Much ado about neo-conservatives

Jonah Goldberg wonders “what the heck is a neo-conservative?” The question is prompted by a spate of recent stories in the liberal press abusing the term. In these accounts, Goldberg observes, neo-conservatives are sometimes former Trotskyists, sometimes Straussians, sometimes the people who control National Review, sometimes the people who consider National Review a relic, and so on. Goldberg hopes “to destroy, or at least pare back, the increasingly ludicrous use of the word.”
This is a worthy goal because, in my view, there was never a sharp distinction between mainstream conservative and neo-conservative, and today there is, for all practical purposes, no distinction at all. At the time neo-conservatism emerged, mainstream conservatism was essentially synonymous with Reaganism, Its core principles were staunch anti-communism in foreign policy, anti-permissiveness in social policy, and lower taxes, free markets, and free trade in economic policy. Reaganism was different in certain important respects from earlier brands of mainstream conservatism, but those brands were already outside of the mainstream by the time neo-conservatism emerged in the mid-1970s. At most, the neo-conservatives may have provided an extra shove.
The neo-conservatives became conservatives because they agreed with the anti-communist strand of Reaganism. Their contribution to the cause was immediate and substantial largely, I would argue, because of the passion, energy, intellect, and polemical skill they brought to bear, and not because they transformed the content of mainstream conservatism. In other words, they added steel far more than new substance.

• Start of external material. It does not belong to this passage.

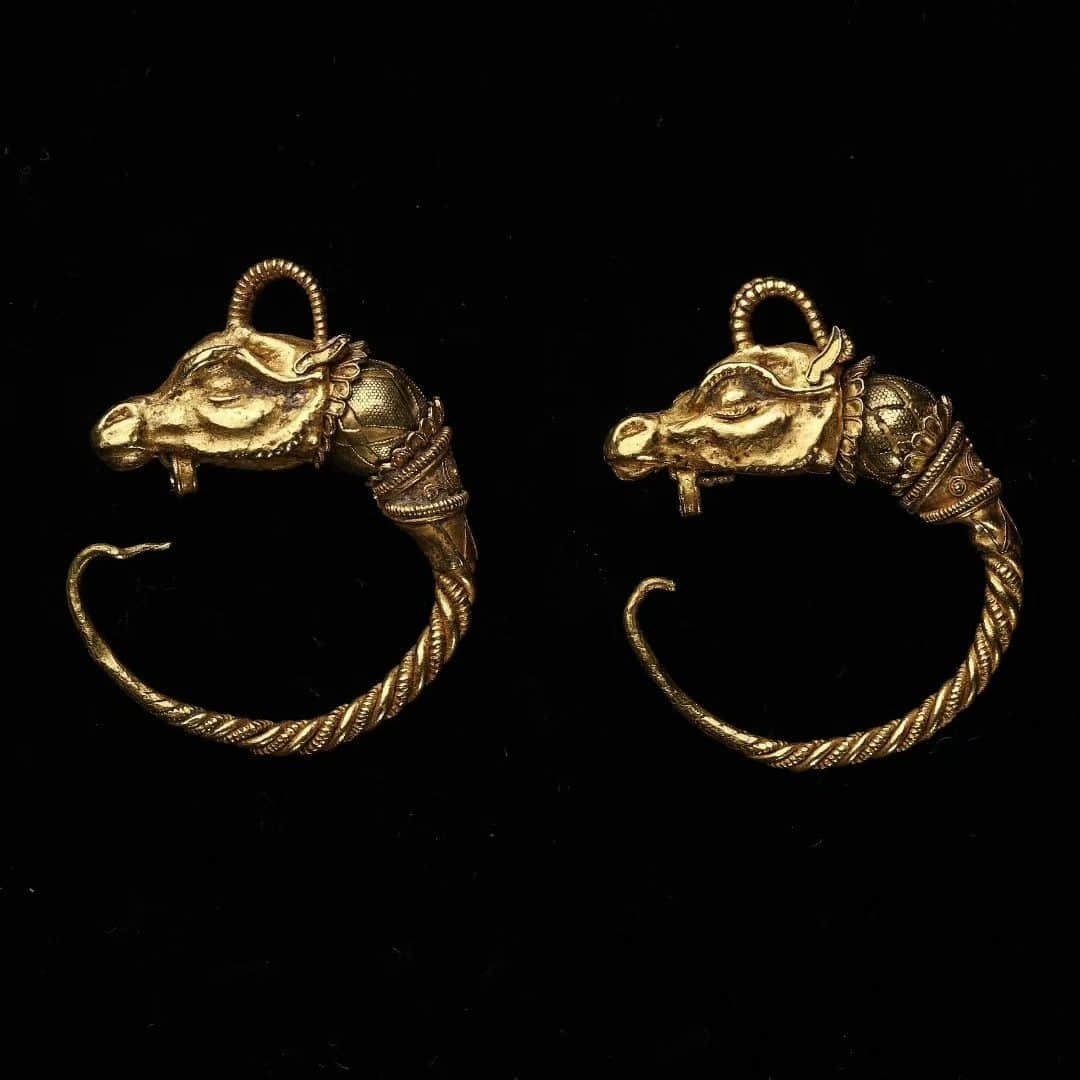 Feilong gold earrings Ancient Roman times: Feilong gold earringsAncient Roman times(753 BC-476 AD)Length 30, width 23 and weight 9.6 grams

Some neo-conservatives were, at first, almost agnostic about Reaganite social and/or economic policy. Others agreed with these aspects of Reaganism, but not passionately. Thus, in the early days there was a distinction between mainstream conservatives and neo-conservatives, but not a major one.
Before long, most neo-conservatives became quite comfortable with the economic and social tenets of mainstream, Reaganite conservatism (the anecdote at the end of Goldberg’s piece illustrates this). Many became passionate voices on these issues. Indeed, the modes of intellectual combat that neo-conservatives brought to the struggle against communism and leftist foreign policy proved quite transferable to the culture wars, perhaps because the two struggles, and for that matter the economic one as well, are not unrelated. Thus, the original distinction between neo-conservatism and mainstream conservatism, such as it was, disappeared.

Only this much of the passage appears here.